When may an inventor place the words patent pending on a product? The answer is that the product may be marked patent pending as soon as the patent application is filed. However, care must be taken to remove this marking if the patent application is later abandoned — or the patent is issued but no longer is in force (e.g., expired).
Under 35 U.S.C. 292, whoever falsly marks a product can be fined up to $500 per offense. And the Federal Circuit has ruled that an “offense” means each false marking. Thus, if a company makes a million products marked falsely with an expired patent number, it can (at least theoretically) incur a fine of $500 million. Furthermore, the law allows private individuals to sue the manufacturer. If the plaintiff prevails, the proceeds are split with the government.

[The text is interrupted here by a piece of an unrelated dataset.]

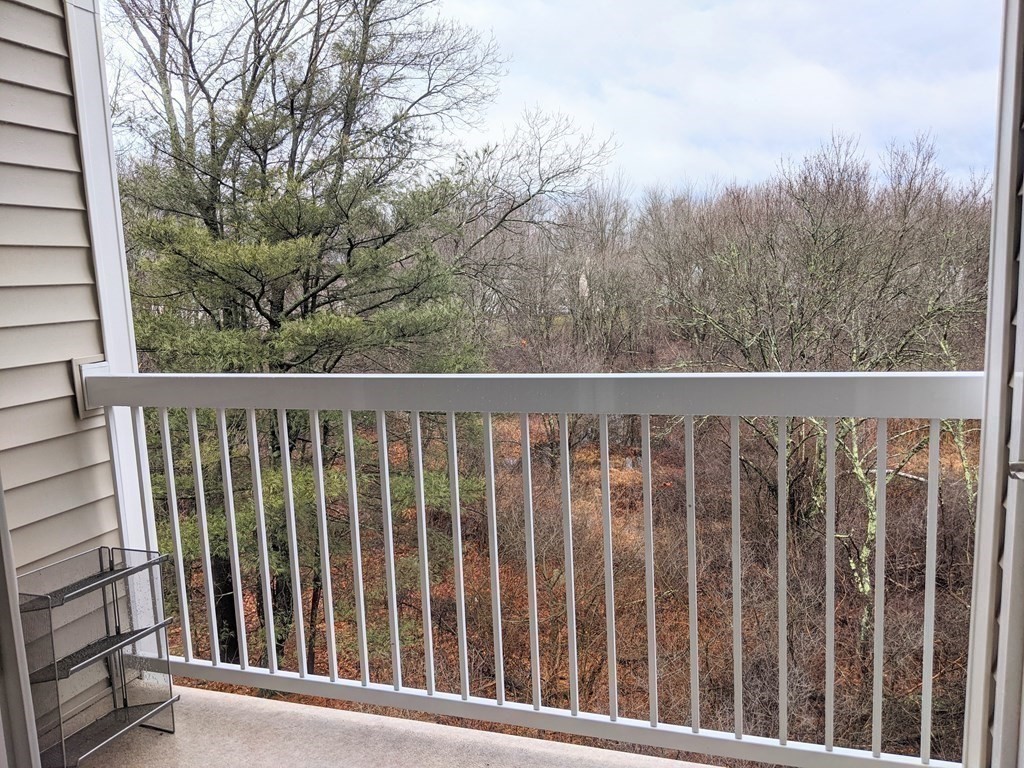 70 Trotter Road, Unit 312 Weymouth, MA 02190 - Photo 11 of 18 a view of a wooden fence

In the last year, a cottage industry has been formed to sue manufacturers for false marking. According to one source which closely tracks such lawsuits, the law firm of Mcdonnell Boehnen Hulbert Berghoff, [s]ince January 1, 2010, hundreds of qui tam lawsuits have been filed for false patent marking.” However, not all manufacturers accused of false marking are forking over money. Case in point is Wham-O, the makers of the Frisbee, sued for allegedly including expired patent numbers on their product . Now Wham-O is appealing the constitutionality of the false marketing statute itself. The Federal Circuit heard arguments this week … but most likely, the U.S. Supreme Court will have the final say.